Turks don't have a spectacular track record of being nice with their neighbours and respecting human rights. Not hard to imagine why people get a bit suspicious of a few million civilian 'war casualties'.
 
Turks don't have a spectacular track record of being nice with their neighbours and respecting human rights. Not hard to imagine why people get a bit suspicious of a few million civilian 'war casualties'.

A few million Armenians did not exist in the first place... Also there were much more dead Turkish civilians.
Also, I do not agree that Turks were worse than their neighbors or Europeans regarding human rights.

Your rhetoric is the same as Trump during the Charlottesville rally. It doesn't work here or in this case.

Armenians in Armenia believe that Turks are worse than animals. They are not even aware that their country a few years ago committed genocide against Turks in Karabağ. How can I expect them to apologize for the things their ancestors did?
 
A few million Armenians did not exist in the first place...
The Turkish government itself, the denier-in-chief, puts the death toll at around 300,000.[63] This number, however, is based on the Ottoman census, which was known to be highly inaccurate, generally undercounting populations severely, especially those of ethnic and religious minorities. Populations of non-Muslims often were not re-counted for decades.[64] The Armenian church, which had the benefit of being able to collate all records of births and deaths within the Armenian community, gave a figure of 1,914,620 in 1914, although the church failed to assess populations in significant parts of western Turkey.[65]

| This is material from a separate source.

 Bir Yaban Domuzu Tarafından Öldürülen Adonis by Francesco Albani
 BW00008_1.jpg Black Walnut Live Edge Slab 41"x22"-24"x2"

It should also be noted that in 1844, the Ottoman Armenian population was given as 2.4 million, and a reliable historian at the time (Ubicini) said that number was almost certainly too low, by a significant amount.[66] In 1878, after the war, the same census gave the population as 3 million.[67]

(...)

we are left with a figure of at least 2.7-2.8 million Armenians in the Ottoman Empire in 1914 from the later data.

ancalimon said:
Also there were much more dead Turkish civilians.

Turkish historians have taken to exhuming the mass graves of dead Armenians slaughtered in the genocide and portraying these as corpses of Muslims in order to pretend the perpetrators of the genocide were in fact its victims.[27]

ancalimon said:
Armenians in Armenia believe that Turks are worse than animals. They are not even aware that their country a few years ago committed genocide against Turks in Karabağ. How can I expect them to apologize for the things their ancestors did?
Why should we expect them to apologize exactly? Where does that apology thing come from? The word is on the lips of every Turkish denialist, yet it doesn't make sense. Also, this here, what you are doing, is called a red herring by the way.